Below are some records. Return exactly the lines from the one containing "In Microsoft System" through the one containing "Welcome back to", both included, and only those.
━━━ Provided records ━━━
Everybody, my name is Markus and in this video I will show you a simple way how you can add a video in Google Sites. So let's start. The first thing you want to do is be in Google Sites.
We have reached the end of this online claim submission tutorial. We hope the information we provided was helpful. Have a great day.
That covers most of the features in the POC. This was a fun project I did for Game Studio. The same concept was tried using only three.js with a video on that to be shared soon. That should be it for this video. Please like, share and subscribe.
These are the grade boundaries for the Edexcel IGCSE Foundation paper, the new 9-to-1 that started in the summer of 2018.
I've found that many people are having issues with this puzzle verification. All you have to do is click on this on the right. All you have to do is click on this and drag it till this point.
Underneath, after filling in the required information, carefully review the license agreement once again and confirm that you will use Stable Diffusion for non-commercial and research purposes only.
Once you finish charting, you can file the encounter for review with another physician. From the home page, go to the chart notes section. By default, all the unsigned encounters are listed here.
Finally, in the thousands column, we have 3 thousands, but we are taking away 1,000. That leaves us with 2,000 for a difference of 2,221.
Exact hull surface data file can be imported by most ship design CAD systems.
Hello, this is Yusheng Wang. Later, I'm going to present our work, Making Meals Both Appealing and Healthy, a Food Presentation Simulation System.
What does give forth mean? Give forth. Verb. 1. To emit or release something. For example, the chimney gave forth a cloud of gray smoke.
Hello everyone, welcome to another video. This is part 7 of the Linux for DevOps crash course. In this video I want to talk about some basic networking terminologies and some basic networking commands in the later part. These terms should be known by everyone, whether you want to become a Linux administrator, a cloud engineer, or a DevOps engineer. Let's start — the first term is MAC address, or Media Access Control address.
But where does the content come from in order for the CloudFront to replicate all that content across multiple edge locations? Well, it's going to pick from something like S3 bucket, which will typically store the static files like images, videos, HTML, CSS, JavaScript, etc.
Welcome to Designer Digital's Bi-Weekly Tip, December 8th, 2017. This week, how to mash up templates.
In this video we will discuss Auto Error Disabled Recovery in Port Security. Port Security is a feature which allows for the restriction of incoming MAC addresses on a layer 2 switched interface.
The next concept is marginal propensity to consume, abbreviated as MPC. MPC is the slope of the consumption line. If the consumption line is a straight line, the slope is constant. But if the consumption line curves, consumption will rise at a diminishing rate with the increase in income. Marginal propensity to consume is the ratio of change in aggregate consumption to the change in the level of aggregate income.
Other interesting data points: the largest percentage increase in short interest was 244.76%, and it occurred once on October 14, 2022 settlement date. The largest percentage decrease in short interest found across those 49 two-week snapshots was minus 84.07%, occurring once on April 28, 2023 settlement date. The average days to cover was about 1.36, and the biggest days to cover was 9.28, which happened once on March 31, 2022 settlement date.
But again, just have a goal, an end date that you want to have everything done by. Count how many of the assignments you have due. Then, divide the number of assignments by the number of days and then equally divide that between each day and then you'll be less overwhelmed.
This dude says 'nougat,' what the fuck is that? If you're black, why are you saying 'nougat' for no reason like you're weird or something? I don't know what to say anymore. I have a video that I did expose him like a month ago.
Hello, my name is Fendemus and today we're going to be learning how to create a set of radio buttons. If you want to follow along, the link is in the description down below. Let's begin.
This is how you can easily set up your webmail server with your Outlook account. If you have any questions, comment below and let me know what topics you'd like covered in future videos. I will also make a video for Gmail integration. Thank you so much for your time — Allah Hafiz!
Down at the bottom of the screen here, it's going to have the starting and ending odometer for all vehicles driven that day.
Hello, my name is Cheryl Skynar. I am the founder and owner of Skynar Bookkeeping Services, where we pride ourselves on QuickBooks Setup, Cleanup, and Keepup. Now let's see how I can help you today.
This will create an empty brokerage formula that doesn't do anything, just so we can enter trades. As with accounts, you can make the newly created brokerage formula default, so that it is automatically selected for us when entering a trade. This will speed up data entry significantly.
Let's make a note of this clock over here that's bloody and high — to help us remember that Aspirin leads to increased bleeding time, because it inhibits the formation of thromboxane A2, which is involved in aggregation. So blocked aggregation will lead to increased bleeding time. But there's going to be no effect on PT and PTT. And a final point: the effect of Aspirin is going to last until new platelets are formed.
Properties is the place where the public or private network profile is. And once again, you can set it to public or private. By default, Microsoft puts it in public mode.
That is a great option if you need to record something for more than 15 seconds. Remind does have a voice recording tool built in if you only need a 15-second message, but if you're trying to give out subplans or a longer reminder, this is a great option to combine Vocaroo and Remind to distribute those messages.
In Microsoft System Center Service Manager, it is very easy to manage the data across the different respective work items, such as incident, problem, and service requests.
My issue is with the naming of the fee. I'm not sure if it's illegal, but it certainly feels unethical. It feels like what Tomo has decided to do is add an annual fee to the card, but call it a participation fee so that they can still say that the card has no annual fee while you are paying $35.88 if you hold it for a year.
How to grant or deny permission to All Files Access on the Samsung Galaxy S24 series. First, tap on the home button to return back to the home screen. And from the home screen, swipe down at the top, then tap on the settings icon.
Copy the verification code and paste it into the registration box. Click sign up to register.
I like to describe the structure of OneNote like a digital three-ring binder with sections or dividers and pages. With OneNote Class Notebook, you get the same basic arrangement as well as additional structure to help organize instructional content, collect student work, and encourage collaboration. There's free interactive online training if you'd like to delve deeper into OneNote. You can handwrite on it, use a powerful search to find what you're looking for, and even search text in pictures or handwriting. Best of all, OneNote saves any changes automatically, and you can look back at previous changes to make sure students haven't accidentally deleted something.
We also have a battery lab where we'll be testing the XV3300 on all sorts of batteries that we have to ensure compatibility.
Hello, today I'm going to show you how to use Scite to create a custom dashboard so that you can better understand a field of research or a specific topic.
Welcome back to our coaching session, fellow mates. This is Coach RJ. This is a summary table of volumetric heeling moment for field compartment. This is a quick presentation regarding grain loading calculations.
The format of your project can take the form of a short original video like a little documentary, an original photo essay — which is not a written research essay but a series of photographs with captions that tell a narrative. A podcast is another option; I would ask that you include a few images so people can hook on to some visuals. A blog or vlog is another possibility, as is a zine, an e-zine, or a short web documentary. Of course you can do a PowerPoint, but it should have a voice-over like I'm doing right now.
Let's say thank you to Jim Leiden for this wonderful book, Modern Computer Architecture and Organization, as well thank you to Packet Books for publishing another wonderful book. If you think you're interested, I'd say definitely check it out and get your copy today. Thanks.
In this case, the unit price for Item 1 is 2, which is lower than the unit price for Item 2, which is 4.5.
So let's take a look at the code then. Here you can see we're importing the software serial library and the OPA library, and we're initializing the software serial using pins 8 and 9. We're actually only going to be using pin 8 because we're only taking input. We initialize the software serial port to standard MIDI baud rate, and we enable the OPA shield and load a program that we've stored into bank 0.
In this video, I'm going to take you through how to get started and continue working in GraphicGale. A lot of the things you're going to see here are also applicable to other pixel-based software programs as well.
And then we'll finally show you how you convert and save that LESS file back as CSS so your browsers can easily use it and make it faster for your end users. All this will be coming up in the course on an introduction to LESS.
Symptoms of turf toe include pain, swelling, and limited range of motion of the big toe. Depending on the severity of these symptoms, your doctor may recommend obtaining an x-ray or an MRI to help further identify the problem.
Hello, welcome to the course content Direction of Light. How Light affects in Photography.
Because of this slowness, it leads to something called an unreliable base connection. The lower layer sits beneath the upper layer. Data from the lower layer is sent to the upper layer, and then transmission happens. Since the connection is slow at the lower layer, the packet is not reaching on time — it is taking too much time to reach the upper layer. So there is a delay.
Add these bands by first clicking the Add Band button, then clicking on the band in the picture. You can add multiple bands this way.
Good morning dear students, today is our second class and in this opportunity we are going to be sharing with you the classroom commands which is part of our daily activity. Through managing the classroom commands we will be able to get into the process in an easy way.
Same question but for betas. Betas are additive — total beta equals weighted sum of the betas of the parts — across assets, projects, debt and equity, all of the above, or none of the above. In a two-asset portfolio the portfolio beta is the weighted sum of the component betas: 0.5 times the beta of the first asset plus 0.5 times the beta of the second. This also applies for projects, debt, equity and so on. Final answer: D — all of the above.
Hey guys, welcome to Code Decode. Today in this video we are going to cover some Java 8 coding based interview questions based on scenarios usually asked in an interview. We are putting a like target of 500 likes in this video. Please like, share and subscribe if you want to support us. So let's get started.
━━━
→ Answer box
In Microsoft System Center Service Manager, it is very easy to manage the data across the different respective work items, such as incident, problem, and service requests.
My issue is with the naming of the fee. I'm not sure if it's illegal, but it certainly feels unethical. It feels like what Tomo has decided to do is add an annual fee to the card, but call it a participation fee so that they can still say that the card has no annual fee while you are paying $35.88 if you hold it for a year.
How to grant or deny permission to All Files Access on the Samsung Galaxy S24 series. First, tap on the home button to return back to the home screen. And from the home screen, swipe down at the top, then tap on the settings icon.
Copy the verification code and paste it into the registration box. Click sign up to register.
I like to describe the structure of OneNote like a digital three-ring binder with sections or dividers and pages. With OneNote Class Notebook, you get the same basic arrangement as well as additional structure to help organize instructional content, collect student work, and encourage collaboration. There's free interactive online training if you'd like to delve deeper into OneNote. You can handwrite on it, use a powerful search to find what you're looking for, and even search text in pictures or handwriting. Best of all, OneNote saves any changes automatically, and you can look back at previous changes to make sure students haven't accidentally deleted something.
We also have a battery lab where we'll be testing the XV3300 on all sorts of batteries that we have to ensure compatibility.
Hello, today I'm going to show you how to use Scite to create a custom dashboard so that you can better understand a field of research or a specific topic.
Welcome back to our coaching session, fellow mates. This is Coach RJ. This is a summary table of volumetric heeling moment for field compartment. This is a quick presentation regarding grain loading calculations.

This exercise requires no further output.